On July 26, 2023, the Company entered into a $9.2 million preferred equity investment for the development of a multifamily property located in Chesapeake, Virginia ("The Allure at Edinburgh"). The preferred equity investment has economic and other terms consistent with a note receivable, including a mandatory redemption feature effective on January 16, 2028. The Company's investment bears interest at a rate of 15.0%, which does not compound. Upon The Allure at Edinburgh obtaining a certificate of occupancy, the investment will bear interest at a rate of 10.0%. The common equity partner in the development property holds an option to sell the property to the Company at a predetermined amount if certain conditions are met. The Company also holds an option to purchase the property at any time prior to maturity of the preferred equity investment, and at the same predetermined amount as the common equity partner's option to sell.

The Interlock

On May 19, 2023, the Company acquired The Interlock. The consideration for such acquisition included the repayment of the Company's outstanding $90.2 million mezzanine loan on the project. Refer to Note 5 for further information regarding the acquisition.

Guarantee liabilities

As of December 31, 2023, the Company had outstanding payment guarantees for the senior loans on Harbor Point Parcel 4 as described above. As of December 31, 2023 and 2022, the Company has recorded a guarantee liability of $0.1 million and $0.9 million, respectively, representing the unamortized fair value. These guarantees are classified as other liabilities on the Company's consolidated balance sheets, with a corresponding adjustment to the notes receivable balance on the consolidated balance sheets. See Note 18 for additional information on the Company's outstanding guarantees.

Allowance for Loan Losses

The Company is exposed to credit losses primarily through its real estate financing investments. As of December 31, 2023, the Company had five real estate financing investments, which are accounted for as notes receivable, each of which are financing development projects in various stages of completion or lease-up. Each of these projects is subject to a loan that is senior to the Company’s loan. Interest on these loans is paid in kind and is generally not expected to be paid until a sale of the project after completion of the development. The Company also has $12.2 million outstanding in other notes receivable.
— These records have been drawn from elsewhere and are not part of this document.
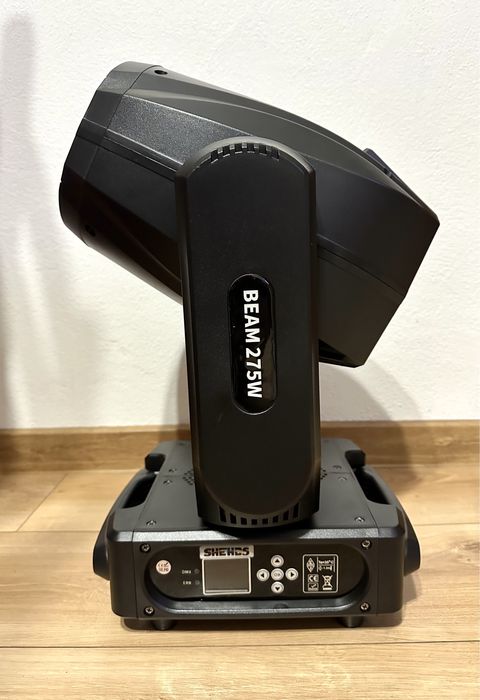 SHEHDS Bulb Beam 275W 10R Moving Head l 8+16 Prism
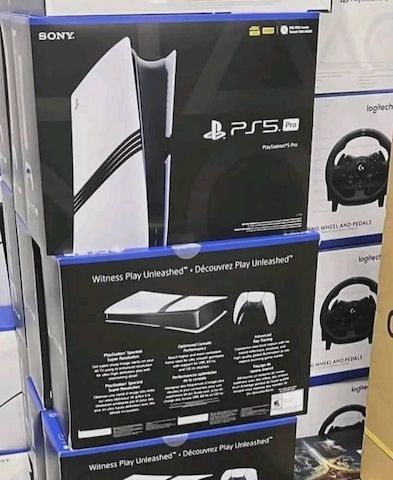 Sony PlayStation PS5 Pro, Sony PlayStation PS5 Slim, Nintendo Switch 2, Microsoft Xbox Series X 2TB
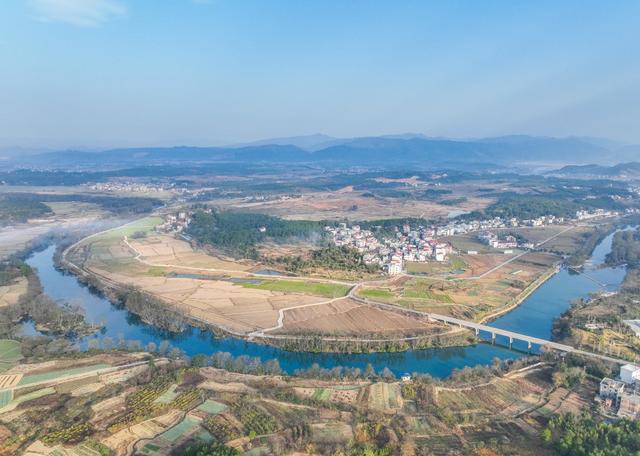 生态 道县 乡村 冬景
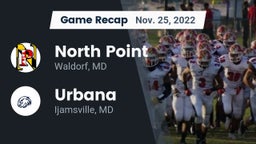 Recap: North Point  vs. Urbana  2022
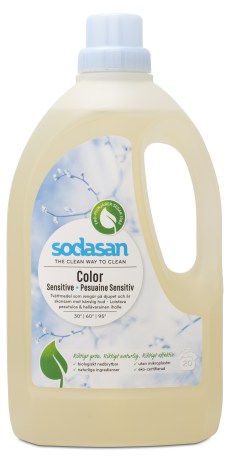 Pienoiskuva Sodasan Pyykinpesuaine , 1.5 L, Sensitive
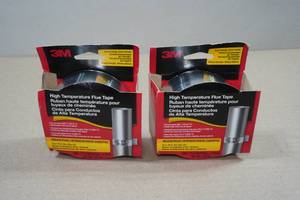 lot 127 image: 3M High Temperature Flue Tape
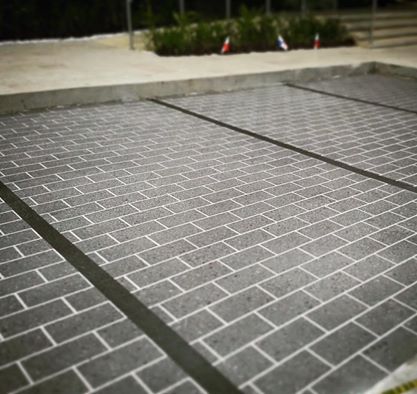 grupocoemsa's tweet photo. Quieres cambiar el look de tu parking, patio o terraza con nuestro sistema que reviste el concreto? #Grupocoemsa https://t.co/4nVjkd626w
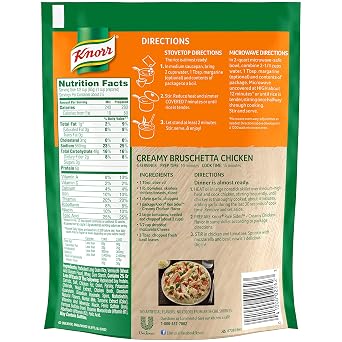 Knorr Rice Side Dish, Creamy Chicken, 5.7 oz (Pack of 4)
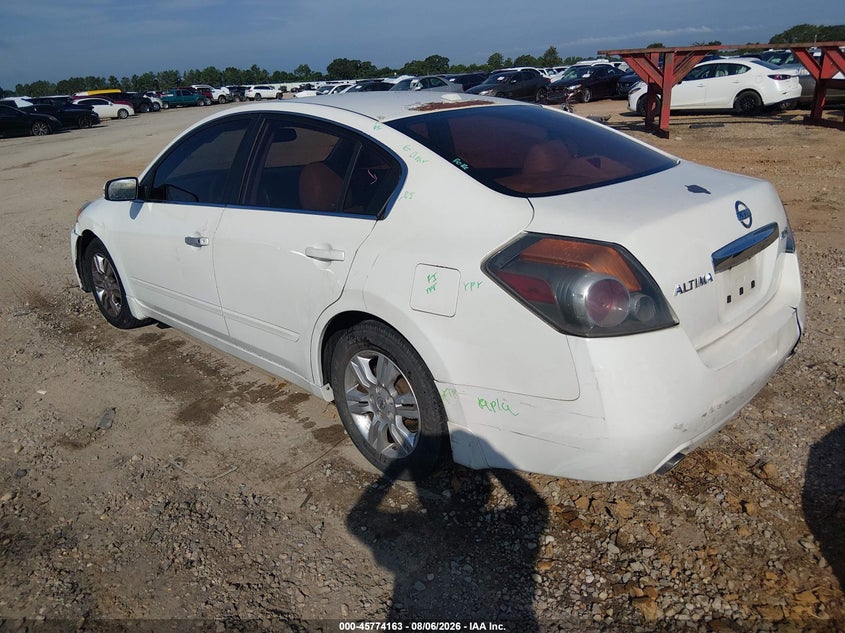 Vin: 1n4al2ap8cc162745, lot: 46272944, nissan altima 2.5 s 20123
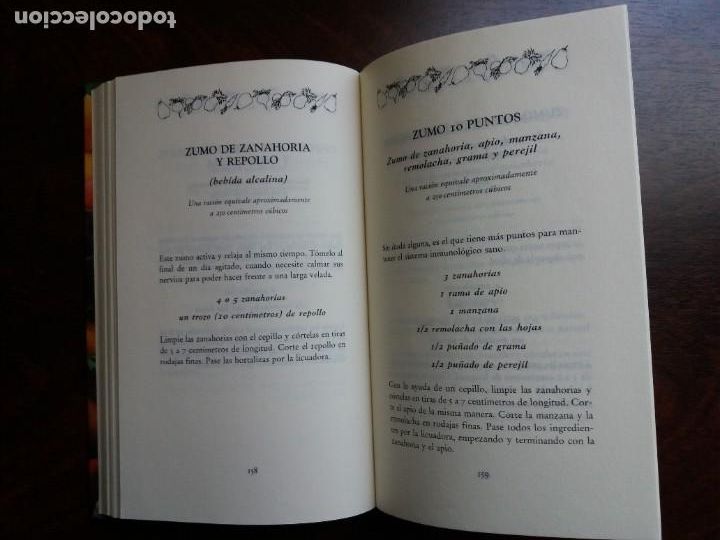 Libros de segunda mano: EL PODER DE LOS ZUMOS. JAY KORDICH. CIRCULO LECTORES. 1993. - Foto 5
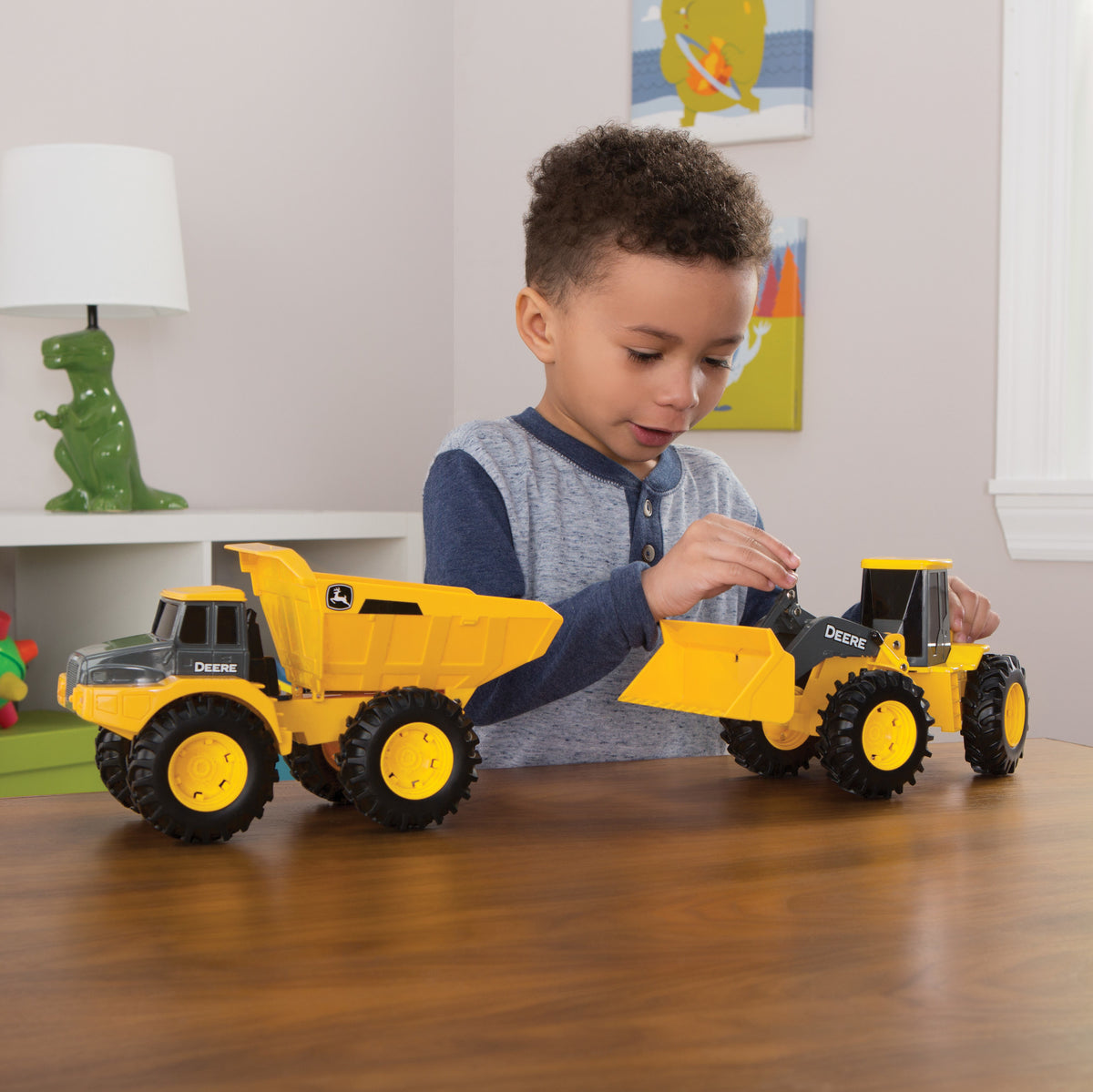 John Deere Construction Vehicles Assorted Styles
The Company updated the risk ratings for each of its notes receivable as of December 31, 2023 and obtained industry loan loss data relative to these risk ratings. Each of the outstanding loans as of December 31, 2023 was "Pass" rated. The Company’s analysis resulted in an allowance for loan losses of approximately $2.2 million for the year ended December 31, 2023. An allowance related to unfunded commitments of approximately $0.7 million as of December 31, 2023 was recorded as Other liabilities on the consolidated balance sheet.

At December 31, 2023, the Company reported $94.2 million of notes receivable, net of allowances of $1.5 million. At December 31, 2022, the Company reported $136.0 million of notes receivable, net of allowances of $1.3 million.

Changes in the allowance for funded and unfunded commitments for the years ended December 31, 2023 and 2022 were as follows (in thousands):
Year ended December 31, 2023Year ended December 31, 2022
FundedUnfundedTotalFundedUnfundedTotal
Beginning balance$1,292 $338 $1,630 $994 $10 $1,004 
Unrealized credit loss provision (release)645 394 1,039 298 328 626 
Extinguishment due to acquisition(465)— (465)— — — 
Ending balance$1,472 $732 $2,204 $1,292 $338 $1,630 

The Company places loans on non-accrual status when the loan balance, together with the balance of any senior loan, approximately equals the estimated realizable value of the underlying development project. As of December 31, 2022, the Company had the Constellation Energy Building note, which bore interest at 3% per annum, on non-accrual status. The principal balance of the note receivable was adequately secured by the seller's partnership interest. On January 14,
2023, the Company acquired an additional 11% membership interest in the Constellation Energy Building, increasing its ownership interest to 90%, in exchange for full satisfaction of the note. As of December 31, 2023, there were no loans on non-accrual status.